A NEW MEZZOTINT

We have received from Messrs. P. and D. Colnaghi & Co. an impression of a mezzotint by Mr. H. Scott Bridgwater after Raeburn’s portrait of Mrs. Home Drummond of Blair Drummond, which they have just published. Raeburn loses nothing in Mr. Bridgwater’s translation, indeed the mezzotint has greater merit as a work of art than the original picture; we have seen no modern engraving in mezzotint which we can regard as its equal. Mr. Bridgwater has produced a work worthy to rank with the best mezzotint engraving of the eighteenth century—with the work even of such a master of the art as J. R. Smith; and this portrait of Mrs. Drummond is very much superior to some of the eighteenth-century mezzotints for which absurd prices are being paid by people who regard everything that comes from the eighteenth century with indiscriminating admiration. We do not believe that anyone of taste and judgement, who was not blinded by the eighteenth-century glamour, could seriously maintain that any mezzotint of Valentine Green’s is to be compared as a work of art with Mr.

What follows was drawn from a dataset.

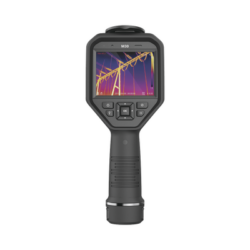 M20 - Cámara Termográfica Portátil Dual / Lente Térmico 6.9 mm (256 x 192) / Lente Óptico (8 Megapixel) / WiFi / IP54 / z MicroSD hasta 64 Gb  / Hasta 6 Horas de Funcionamiento Continuo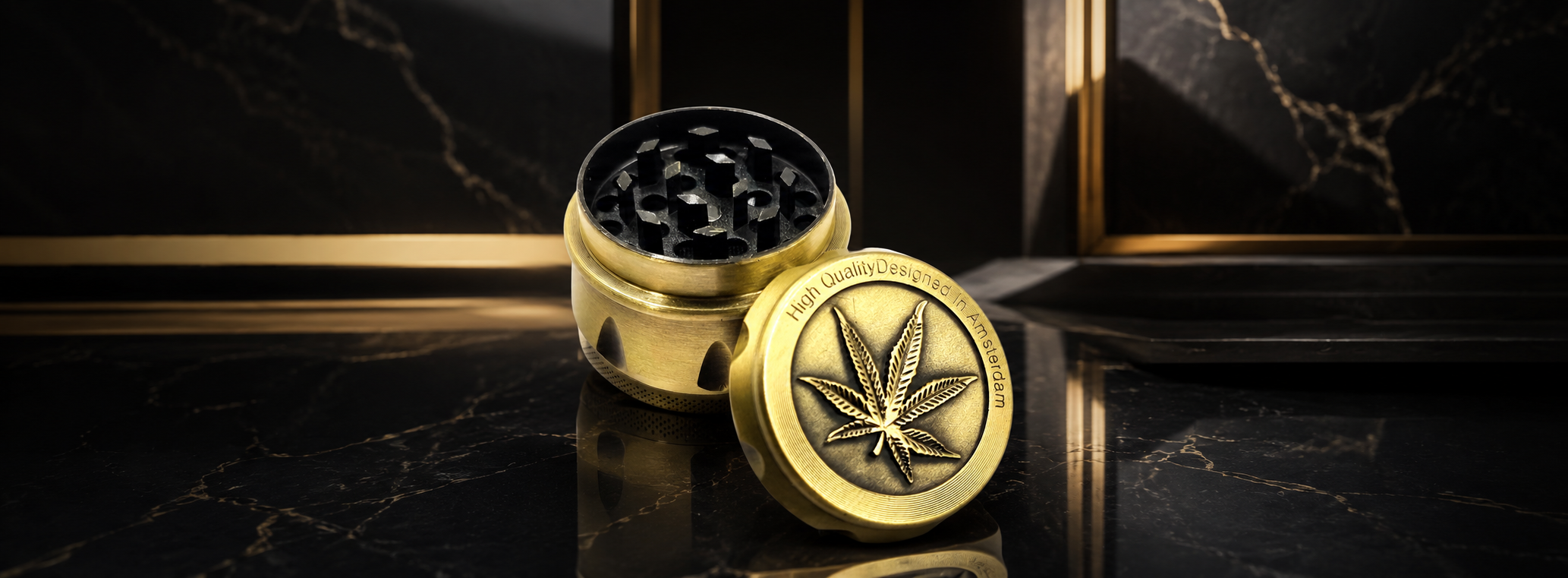 Premium  Smokeking spinner Banner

Bridgwater’s latest work. We have little enough to boast of in modern artistic production; let us at least recognize good work when we meet with it; the best work of modern artists has been done in black and white, and most of the modern works of art that are really worth collecting are drawings or etchings; to these we can now add some mezzotints, among which Mr. Bridgwater’s Mrs. Drummond is perhaps the most notable. The issue is restricted to 350 impressions, all artist’s proofs.